*EXERCISE INSTRUCTIONS*
Leave every image behind and restate the data word for word.

*** Opening of SOURCE RECORDS ***

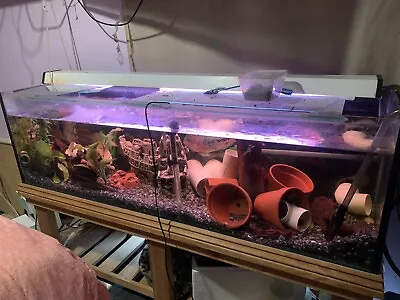 $700 • Buy Large Fish Tanks For Sale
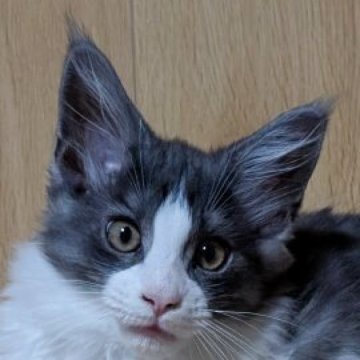 メインクーン【岡山県・女の子・2025年9月3日・ブラックスモーク&ホワイト】の写真「クリクリおめめのハチワレちゃん」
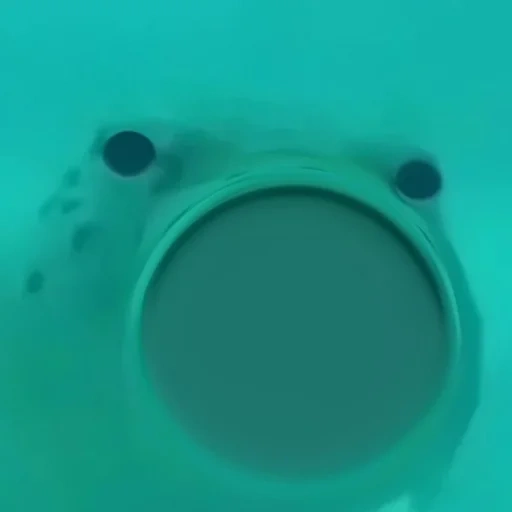 lupa, humain, meme de fugu de fing, fish pimem chante un mème, fugue de poissons suspects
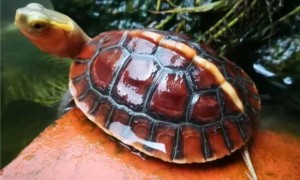 半水龟和水龟的区别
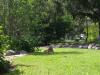 <img100*0:stuff/z/169023/puppies%2521%2521%2521/i1245105741_40.jpg>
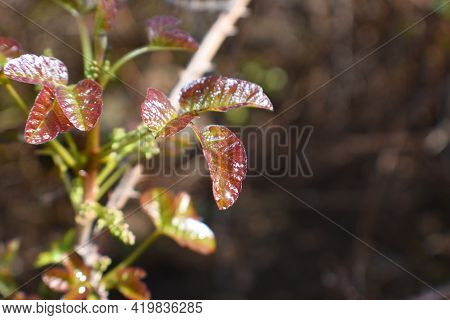 New Poison Oak Leaves Close Up For Plant Identification
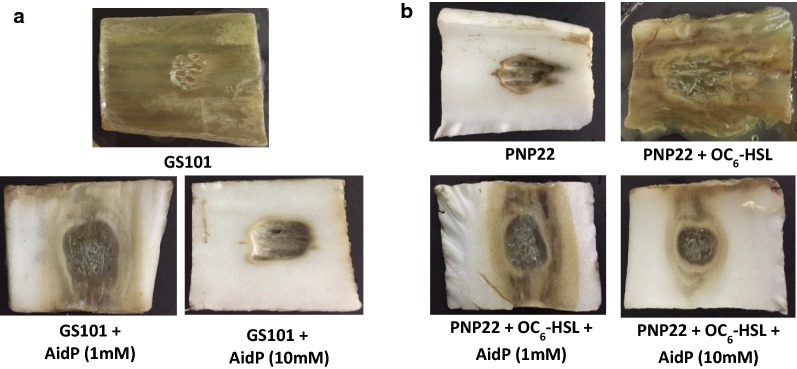 Fig. 7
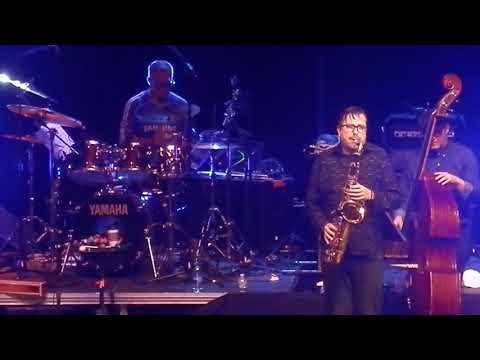 'The Man' Michael Franks - "B'wana He No Home" Finale (LIVE)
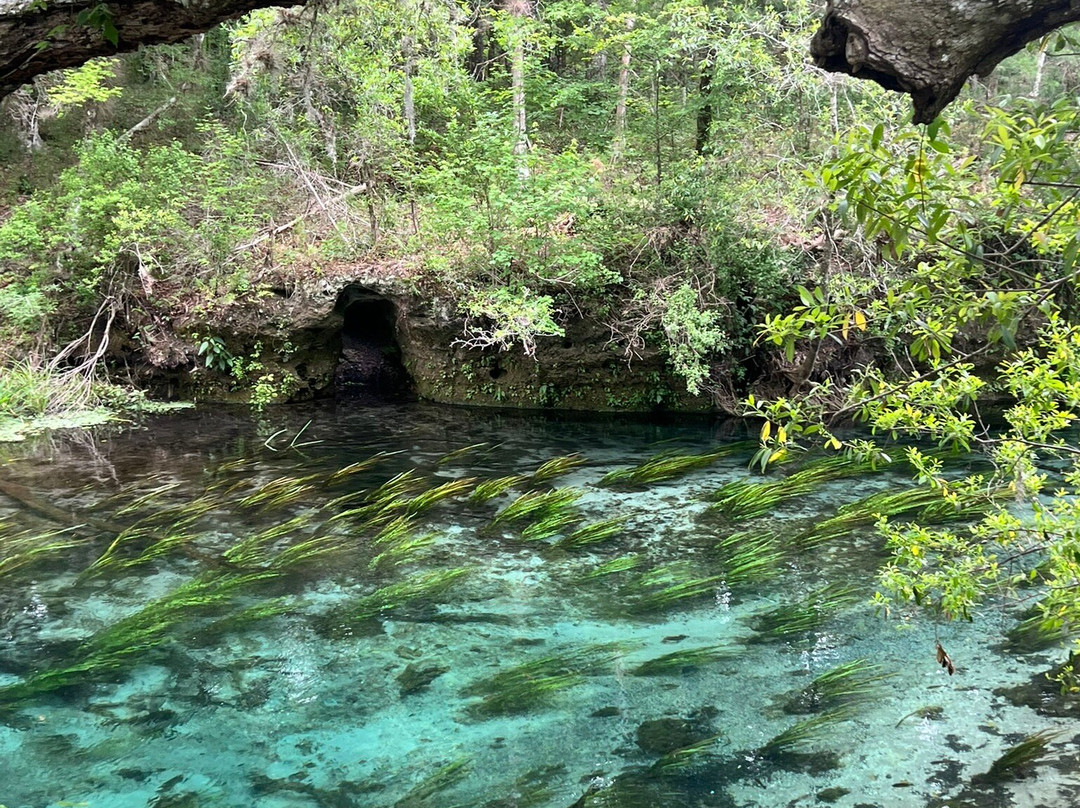 Ichetucknee Springs State Park-Fort White必去景点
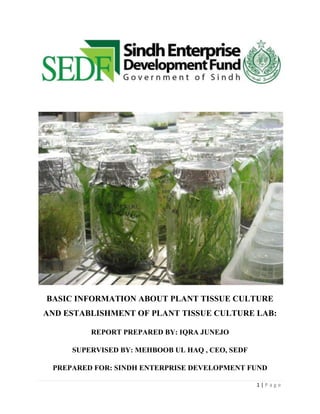 BASIC INFORMATION ABOUT PLANT TISSUE CULTURE
AND ESTABLISHMENT OF PLANT TISSUE CULTURE LAB:
REPORT PREPARED BY: IQRA JUNEJO
SUPERVISED BY: MEHBOOB UL HAQ , CEO, SEDF
PREPARED FOR: SINDH ENTERPRISE DEVELOPMENT FUND
1|Page

 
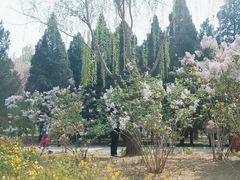 -元大都城垣遗址公园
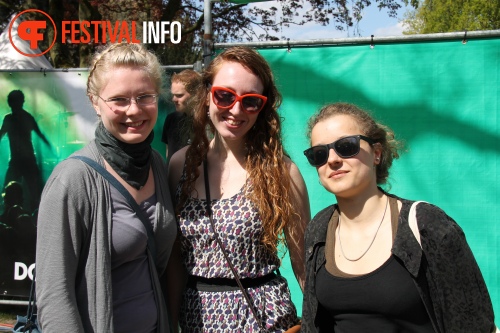 Sfeerfoto Bevrijdingsfestival Nijmegen 2013
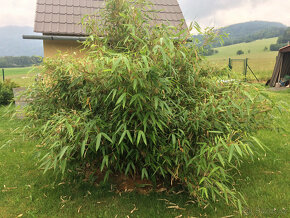 Bambusy -  sazenice + protikořenová folie - 12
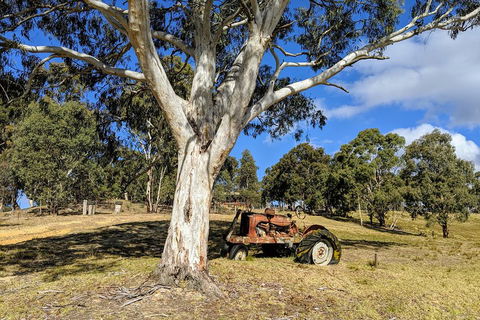 Blue Mountains Private Tour - Wild Kangaroos, Waterfalls And The Three Sisters - Accommodation ACT 1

*** Close of SOURCE RECORDS ***

*SOLUTION FOR THIS TASK*
 $700 • Buy Large Fish Tanks For Sale
 メインクーン【岡山県・女の子・2025年9月3日・ブラックスモーク&ホワイト】の写真「クリクリおめめのハチワレちゃん」
 lupa, humain, meme de fugu de fing, fish pimem chante un mème, fugue de poissons suspects
 半水龟和水龟的区别
 <img100*0:stuff/z/169023/puppies%2521%2521%2521/i1245105741_40.jpg>
 New Poison Oak Leaves Close Up For Plant Identification
 Fig. 7
 'The Man' Michael Franks - "B'wana He No Home" Finale (LIVE)
 Ichetucknee Springs State Park-Fort White必去景点
 BASIC INFORMATION ABOUT PLANT TISSUE CULTURE
AND ESTABLISHMENT OF PLANT TISSUE CULTURE LAB:
REPORT PREPARED BY: IQRA JUNEJO
SUPERVISED BY: MEHBOOB UL HAQ , CEO, SEDF
PREPARED FOR: SINDH ENTERPRISE DEVELOPMENT FUND
1|Page

 
 -元大都城垣遗址公园
 Sfeerfoto Bevrijdingsfestival Nijmegen 2013
 Bambusy -  sazenice + protikořenová folie - 12
 Blue Mountains Private Tour - Wild Kangaroos, Waterfalls And The Three Sisters - Accommodation ACT 1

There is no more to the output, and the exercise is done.